Popular cover crops include cereal rye, crimson clover and oilseed radish. Familiar small grain crops, like oats, wheat and barley, can also be adapted for use as cover crops. Diverse cover crop mixes include grasses, cereals, chenopods, brassicas, legumes and other broadleaf species.

In many no-till production systems cover crops can be air-seeded into the stubble by an attachment on the combine harvester. Although germination rates are low the reduced planting costs more than compensate for the cost of the extra seed.

The Benefits of Planting Cover Crops

Although cover crops have been shown to increase crop yields, they should be viewed as a long-term investment in improved soil health and farm management.

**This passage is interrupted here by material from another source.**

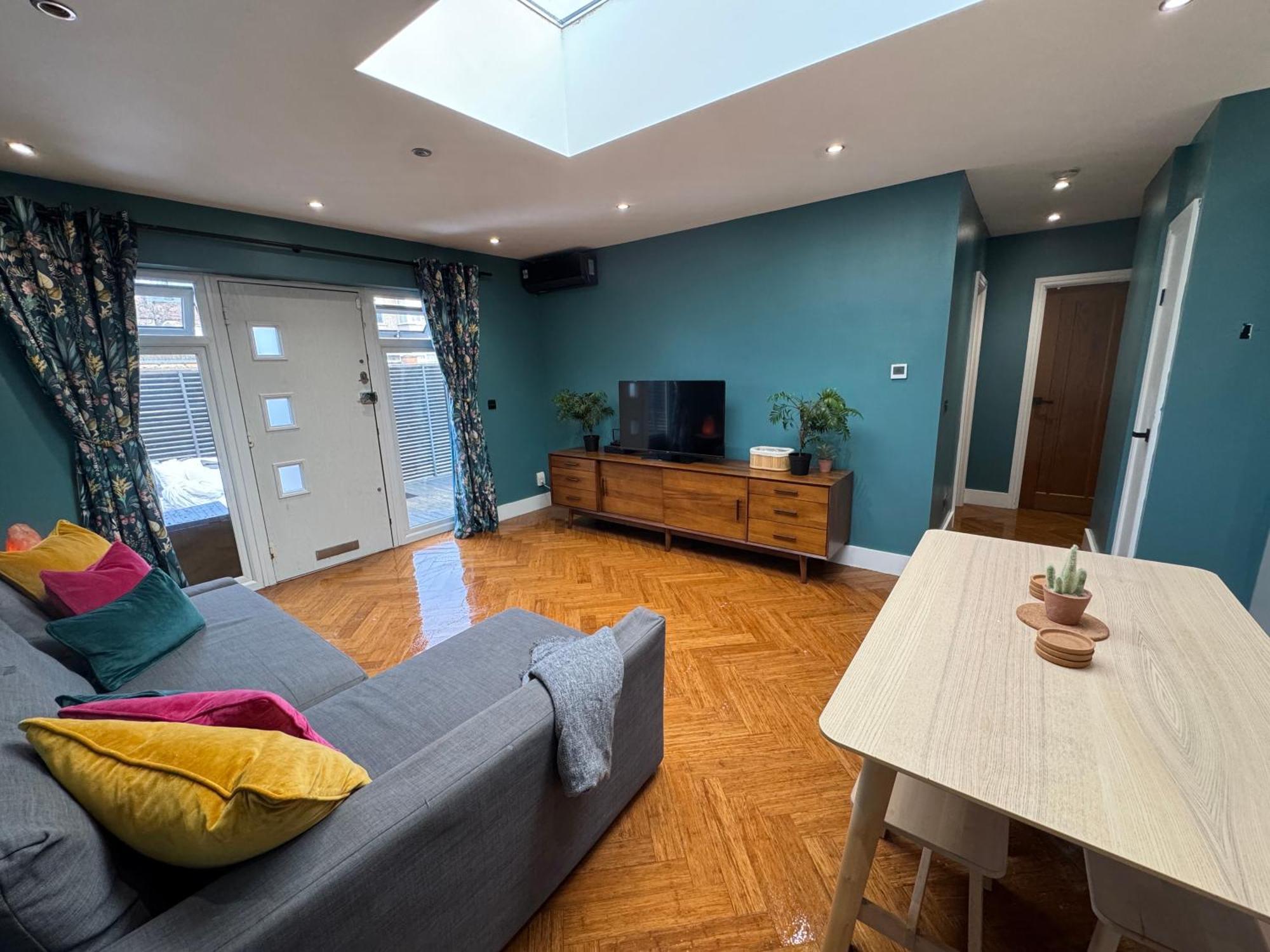 Streatham House - 2 Bedroom - Sleeps 6 - Free Wifi Streatham Vale Dış mekan fotoğraf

They can begin to pay for themselves in the first year of use, or it may take a few years for them to lead to a net positive return. 

Cover crops have been shown to decrease, or almost completely eliminate, erosion from agricultural fields, increase rainfall infiltration to the soil layer, keep nutrients like nitrogen and phosphorus in place and prevent the loss of these nutrients to vulnerable waterways, and increase soil organic matter (a measure of soil fertility).

Evidence shows that growing cover crops increases resilience in the face of erratic and increasingly intensive rainfall, as well as under drought conditions. Cover crops help when it doesn’t rain, they help when it rains, and they help when it pours!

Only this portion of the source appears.